The last important part of the company has to be its distribution unit and structure, not only to raise capital but also for exit strategies. Local and international financial institutions participation will help greatly at this point.
How will the investment procedure work?
Local companies or projects can be proposed by the Chambers according to the rules which will be decided by the board of the Fund Management Company. The projects investment committee will choose the eligible companies from the proposed candidates and after assistance the investment process will begin. The important point here is the role of the fund management company. It will not play the role of a silent passive investor but the opposite, as an active member of the board which has veto power on all board decisions. At the same time the invested company will apply all the predetermined conditions such as accounting and corporate governance rules. All other value added consultancies are facultative and depend on the specific invested company’s management decision. If they do not want to use the marketing facilities of the management company they do not need to use them. The one thing that has to be obligatory is that in case of conflicts between parties the Chambers arbitration will be accepted.
The asset management company will invest in a company for a limited period of time and during this period the shares will be a closed end fund but the management company will have the proxy of those shares. When the closed end fund sells its shares in the company the asset management company will leave the board of the invested company immediately.

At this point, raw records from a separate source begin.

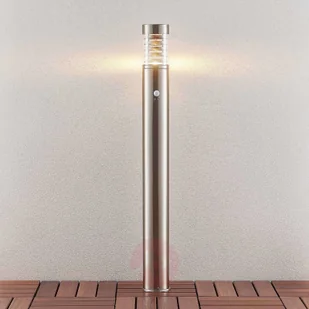 LINDBY Lindby Piper słupek oświetleniowy, stal szlachetna - Lampy ogrodowe - miniaturka - grafika 3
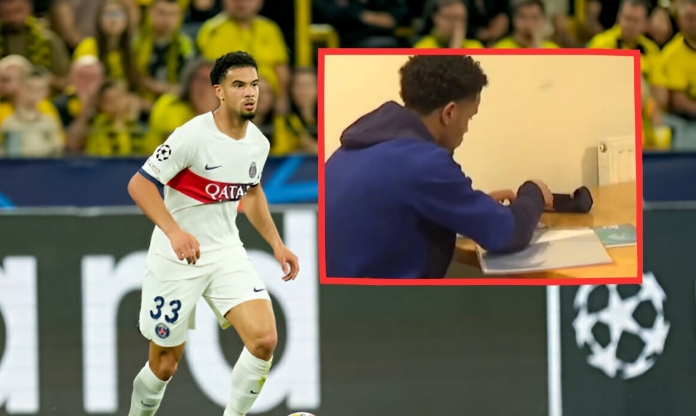 Sao PSG hoãn thi tốt nghiệp TPHT để dự Euro 2024 cùng ĐT Pháp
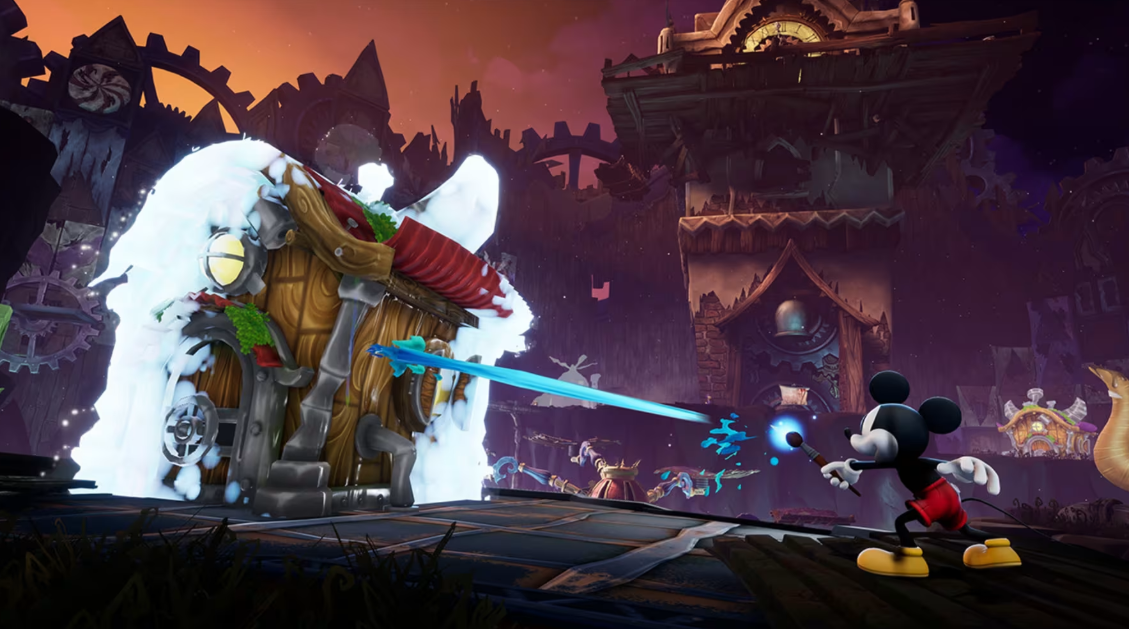 传奇米老鼠：重绘 Disney Epic Mickey: Rebrushed_5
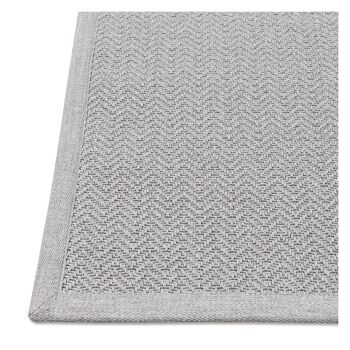 Tapis 100% Fibre Recyclée PET Nature ECO Craft Linen 140x200cm 2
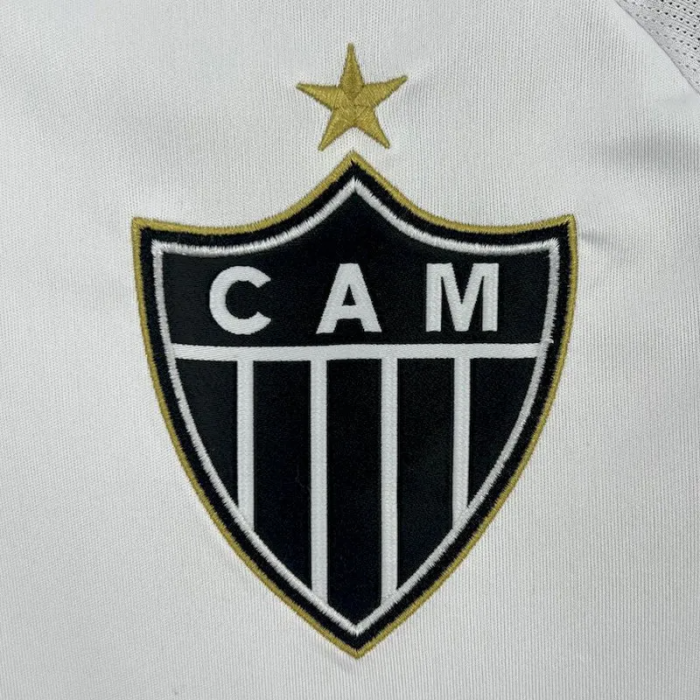 25-26 Atletico Mineiro Away Fans Soccer Jersey 1:1 Thai Quality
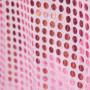 Round sequin fabric - pink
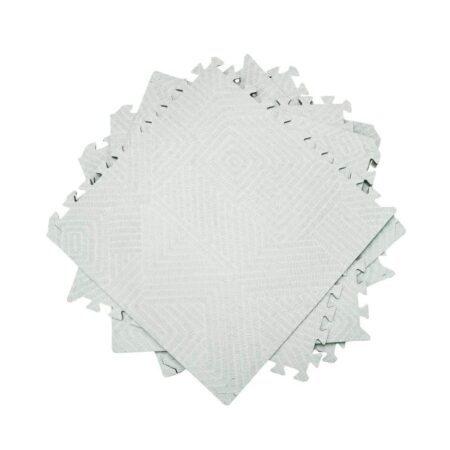 Evibell - Puzzeltegels Maze Grey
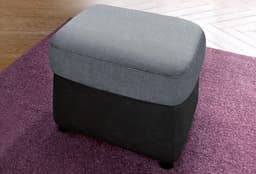 DOMO collection Hocker Flores | Schwarz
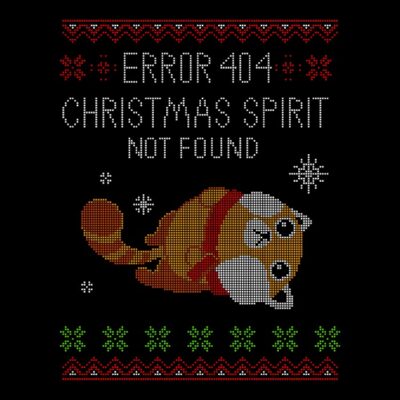 Christmas spirit Not Found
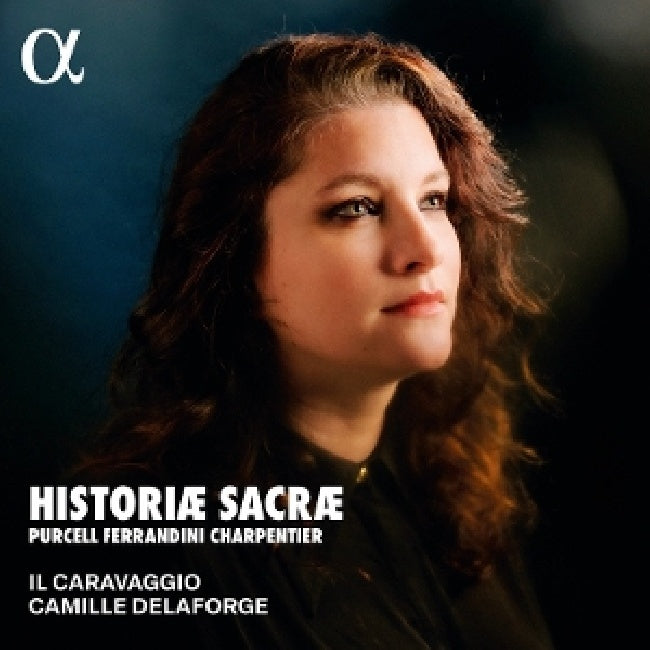 Ensemble Il Caravaggio - Camille Delaforge - Historiae sacrae (CD)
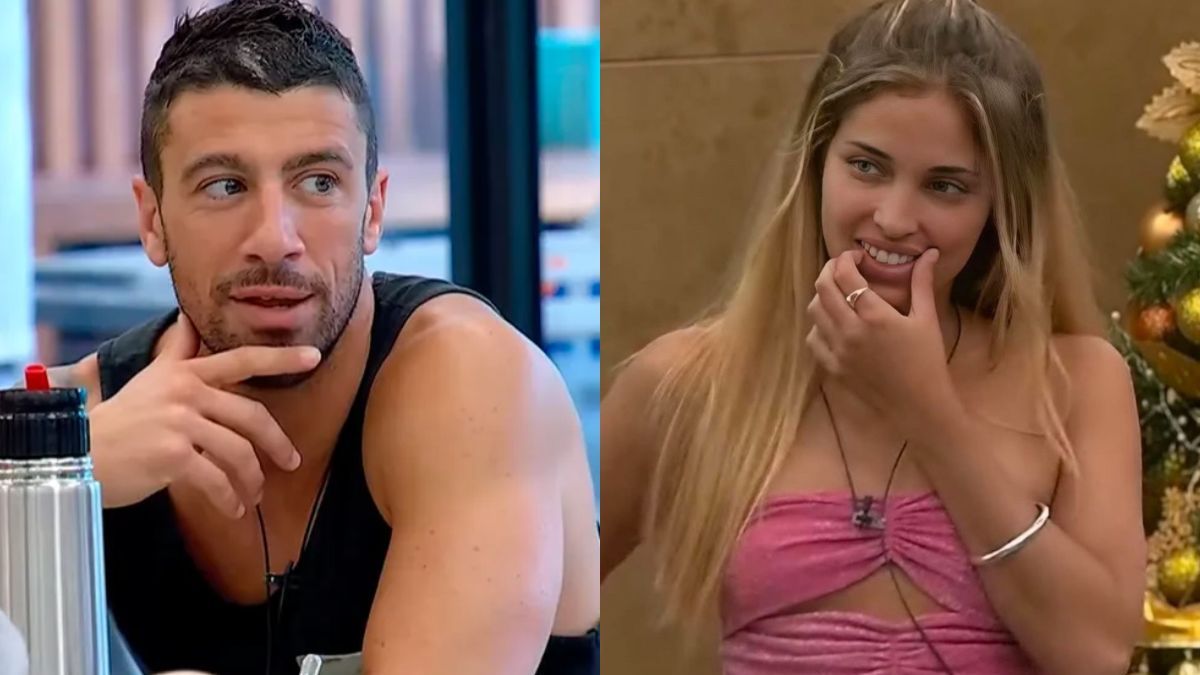 Giuliano y Martina GH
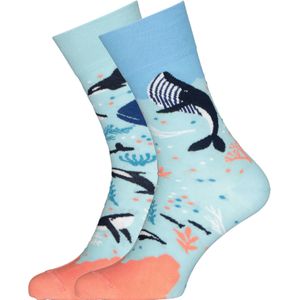 Many Mornings sokken, Ocean Life - Unisex - Maat: 35-38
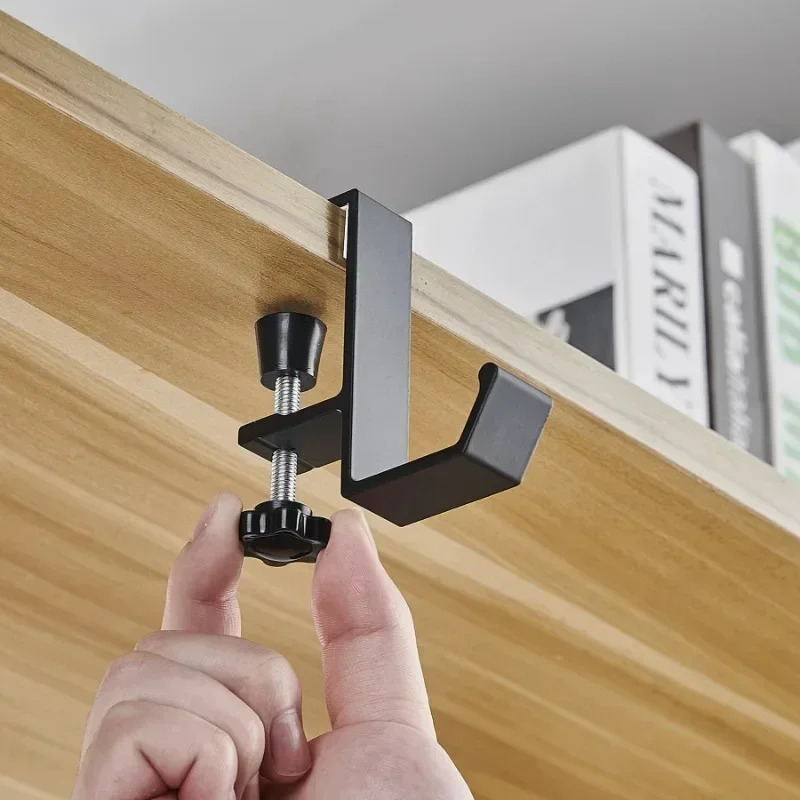 Home Office Organization - 1/2 pieza Gancho ajustable para borde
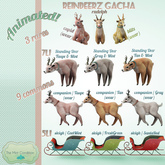 .TMC. ReindeerZ Gacha / Holdable Cupid BOX RARE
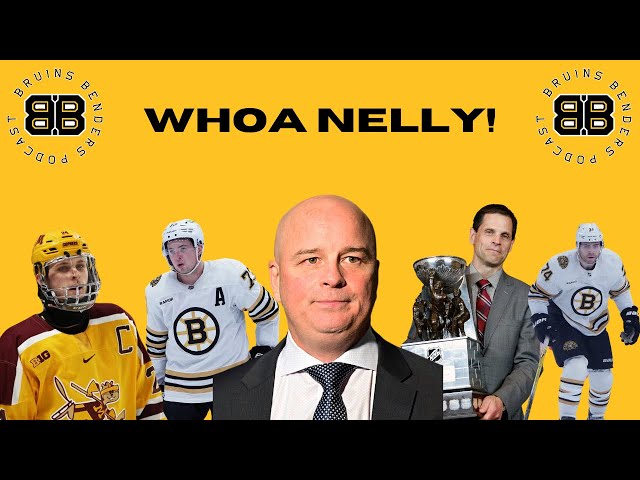 'Video thumbnail for Bruins Benders: Whoa Nelly!'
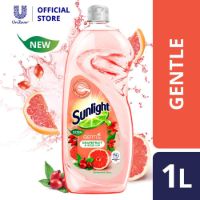 SUNLIGHT DISHWASH LIQUID, 1L, GENTLE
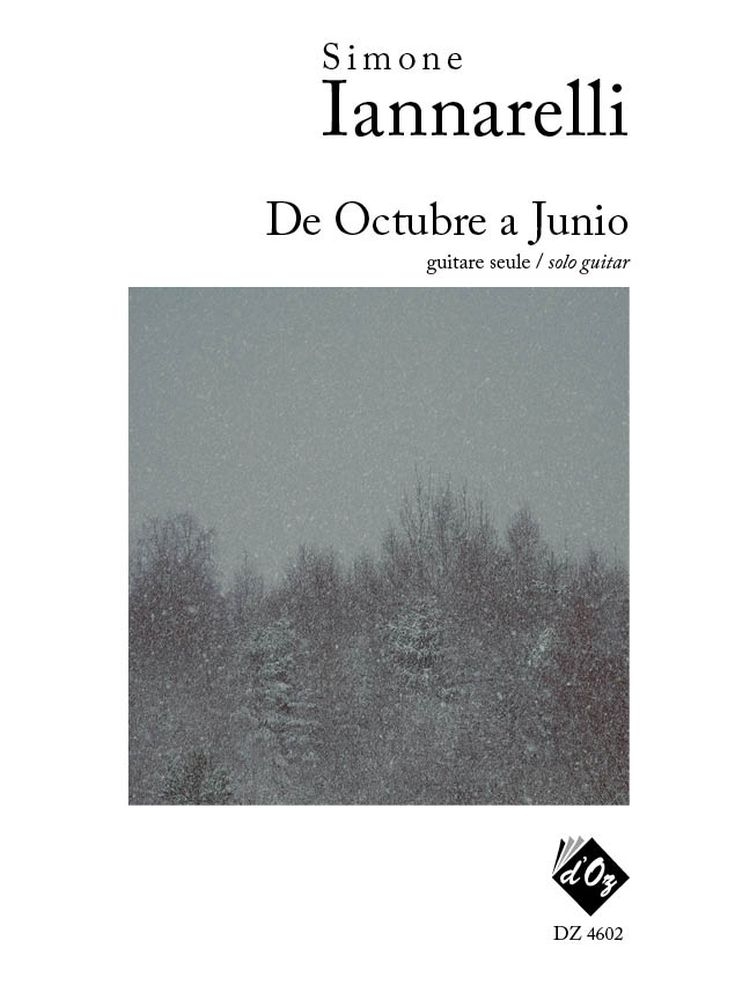 De Octubre a Junio&nbsp;&nbsp;Gitarre&nbsp;&nbsp;Buch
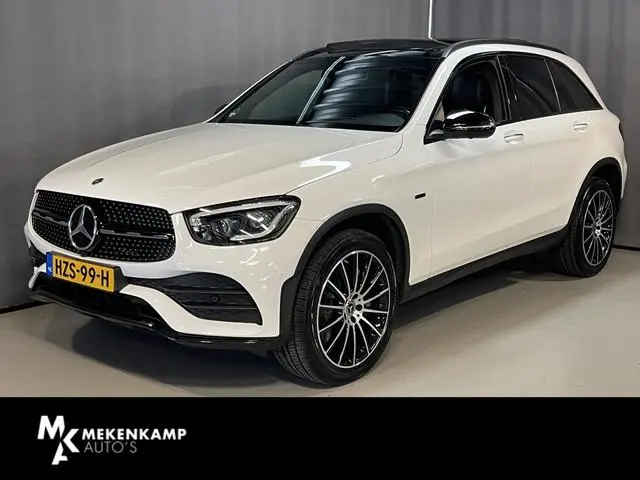 Mercedes-Benz GLC-klasse 300e 4MATIC AMG Line 20"/Panoramadak/360 camera/Dodehoek/Memory stoel l+r/S...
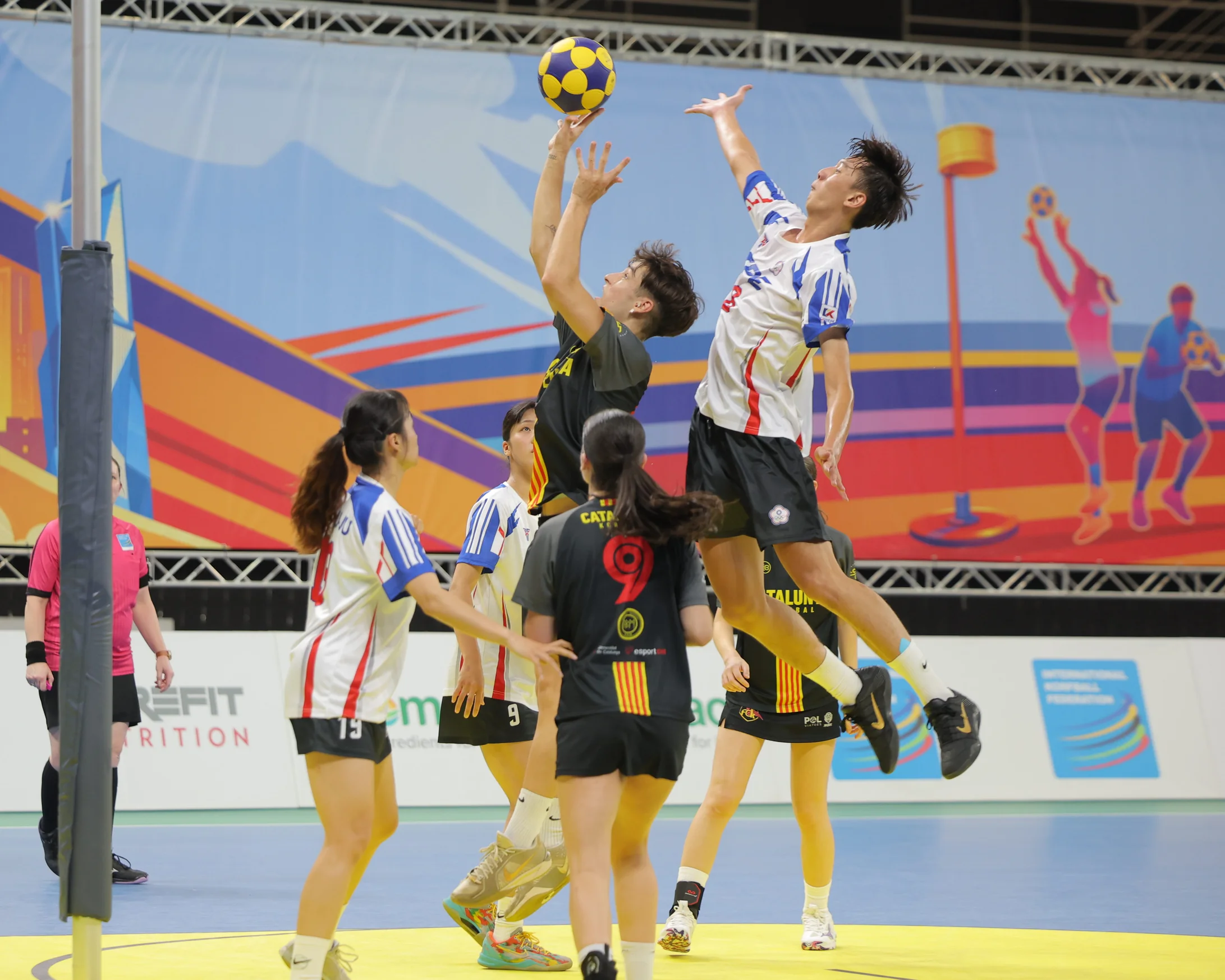 Chinese Taipei - Catalonia | IKF U21 World Korfball Championship 2026, photo by Marco Spelten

The exit strategy from the investment is very important. The investment period has to be a minimum of 5 years and a maximum of 10 years. Exit from the investment can be done three ways. First by IPO, second by trade or sale, and third to sell back to the actual share holders. Which method of exit used depends on different variables but we can say that the main aim is by IPO.
Role of Government
This kind of project needs the support of participating countries but this support has to be facilitating and supervising. Some of the points that need help from political authorities include taxation of investment, ownership of the funds, legal responsibilities of the board members, taxation of capital gain, legal base of foreign ownership, etc... . Assistance from political authority is also needed with regards to bureaucratic difficulties. The important point to note here is that in all cases state participation as a share holder in the management company has to be avoided. This kind of participation will give the wrong signals to the financial markets and can change the vision and mission statements.
Conclusion
The European Union started with Coal and Steel Union. It showed us that economic and political co-ordination has to have concrete projects with concrete results in daily life. Our project has several targets such as developing joint ventures between our countries’, helping our local companies become regional and even global players, creating a world class modern company structure which will be good example for other local companies’. To channel financial capital to the real economy and transform the real economy to have more productive and more efficient structures, and make them globally competitive entities.
This report has been prepared by Murat Soycengiz, Ekopolitik Advisor, to be submitted to Annual Meeting of the Islamic Development Bank, on May 31, 2009, in Ashgabat, Turkmenistan.